Что мы сейчас знаем о докторе Гаазе? Ничего. При советской власти о нем не было ни одной публикации. Когда он умирал, его не на что было похоронить: он все отдал заключенным. Где сейчас эти докторы Гаазы? Нет морального уровня, который бы создавал ту напряженность в обществе, которая бы давала нам возможность немножечко будоражить свою совесть и говорить: "Черт возьми, что-то не так, я не так живу".

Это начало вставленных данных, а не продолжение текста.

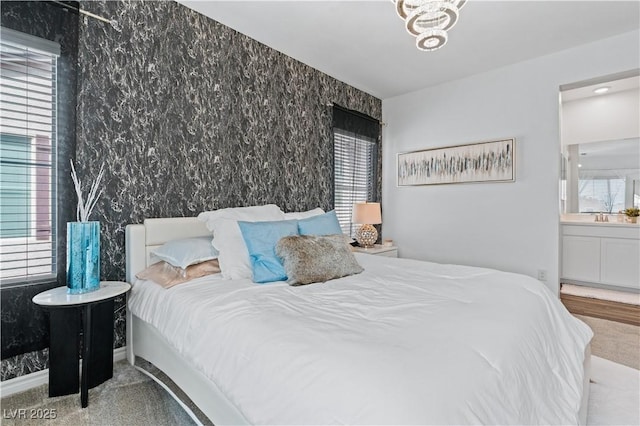 3729 Canis Minor Ln Unit 10206, Henderson, NV 89052 - bedroom with wallpapered walls, carpet flooring, multiple windows, and ensuite bath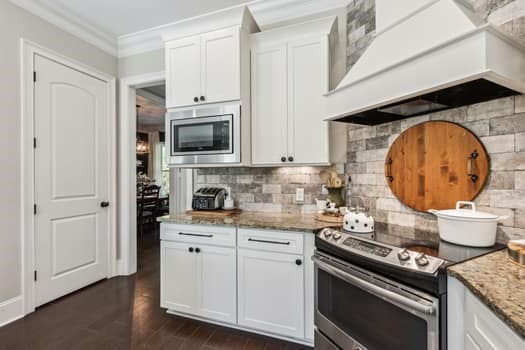 kitchen featuring tasteful backsplash, light stone countertops, premium range hood, appliances with stainless steel finishes, and white cabinetry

РГ | Что же с нами произошло?
Приставкин | А-а, вы хотите от меня такого философского ответа... Я сам задаю себе этот вопрос, моя книга ради этого написана. Понимаете, во-первых, давайте отринем ту легенду о нас, которую мы сами о себе создали, что мы самый добрый народ. Во-вторых, давайте посмотрим, что с этим народом делали, как его деформировали. Недавно я читал, как Ельцин, выступая в Латвии, сказал, уберите слово "русские оккупанты", это неправда, потому что советская власть оккупировала и вас, и русский народ тоже. Это очень интересная мысль. Оккупированный народ был лишен духовной жизни, народ-полураб. Горький предупреждал, когда описывал пьянства в Петербурге, расстрелы непрерывные и прочее в "Несвоевременных мыслях", что над Россией проводят испытания. Мы только вынырнули из них. Вынырнули и пытаемся оглянуться. И в это время очень важны лица, люди, голоса. В советское время было слово "маяк" (ткачиха-маяк, сталевар-маяк, правда вот, Лихачев-маяк не было). Так вот, сейчас нужны эти духовные маяки, а они все исчезли. Идет погоня за наживой, погоня за выживанием. Кстати, обратите внимание, если кому-то очень нужно помочь, помогают не миллионеры, а простые люди. Значит, все-таки в людях это живое начало осталось. Знаете, что в конституции немецкой в первых строках написано - приоритет человека перед государством. Где вы у нас видели такой приоритет? Что бы могло человека возродить? Я не верю ни в какие призывы, это может сделать только культура.